Calculating Pearson’s correlation coefficient in SQL

Apparently I’m crazy.

Well, it’s not the first time this accusation has been levelled. But it’s one of the more amusing ones.

My colleague Jan Berkel was at Ruby Manor, where one of the talks was on acts_as_recommendable. Here’s what he had to say on the subject:

a plugin for rails to generate recommendations. lets you do things like user.similar_users / books.similar_books etc. it’s based on pearson correlation. the guy mentioned he ran into memory problems using large datasets for doing the computation (load all objects , calculate, store objects). i asked whether they tried performing the calculation on SQL level to avoid runtrips to the db (the way david implemented it). he first didn’t understand what i was saying, then someone from the audience said “you’d have to be crazy to do that”… i guess this elegant solution is not the ruby way.. anyway.

This entertained me, as one of the things I introduced recently to our theme extraction process is using pearson’s coefficient to rate similarity of themes. It never even occurred to me that loading it all to the client side doing it in Ruby and then saving it back might be considered an option.

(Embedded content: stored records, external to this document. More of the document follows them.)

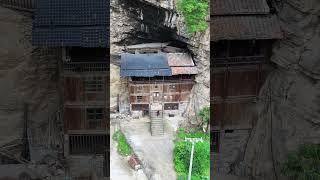 A single family in the deep mountains of Fengdu, Chongqing #travel #discoverchina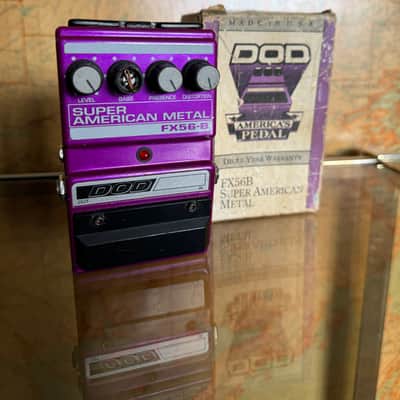 DOD FX56-B Super American Metal | Reverb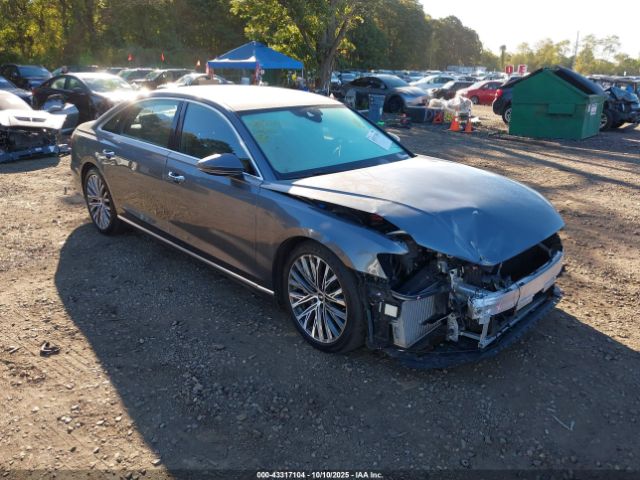 2021 AUDI A8 L WAU8DAF83MN016306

Pearsons is very far from being the most powerful metric in the world, but remarkably useful for all that: It gives a decent scaled measure of similarity and is cheap and easy to calculate.

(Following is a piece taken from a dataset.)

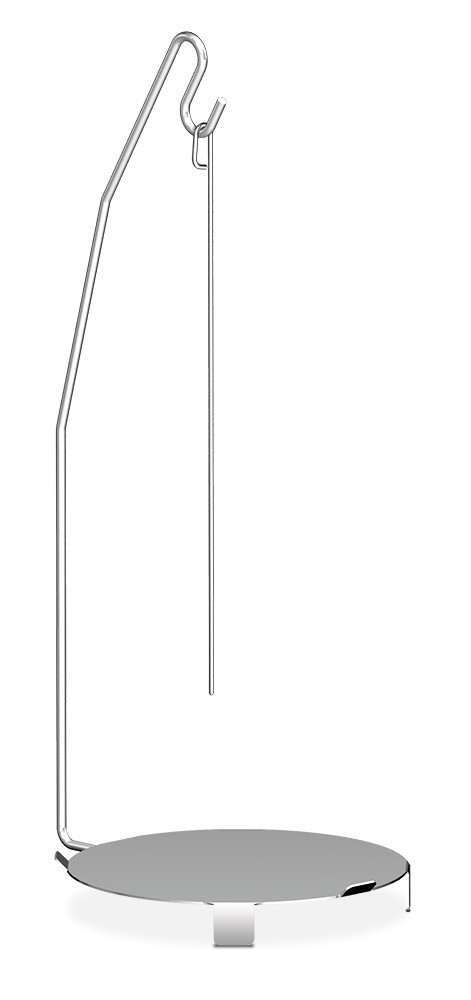 Soporte para pincho moruno 210x270x540 mm.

Ok. Well. Easy to calculate. And cheap to calculate if you don’t do clever things like loading the entire data set into memory. Anyway…

All joking aside, it wasn’t entirely trivial to do, and clearly this is something which is of interest to more people than us, so this post is an explanation of how it works.

The Pearson product-moment corellation coefficient of two distributions is a measurement of their similarity. Given random variables X, Y we define the covariance of the two to be:

Cov(X, Y) = E(XY) – E(X) E(Y)

The reason for this slightly strange looking expression is that random variables have the nice property that for two independent random variables E(XY) = E(X) E(Y). So if X and Y are independent then Cov(X, Y) = E(XY) – E(X) E(Y) = E(X) E(Y) – E(X) E(Y) = 0. The converse isn’t generally true (it’s true under some circumstances), but nevertheless we can use Cov(X, Y) as a cheap measure of degree of independents.

It has some other nice properties: Suppose Y = aX. Then Cov(X, Y) = a Var(X). So if Y is a positive multiple of X then the covariance is positive, if Y is a negative multiple of X the covariance is negative.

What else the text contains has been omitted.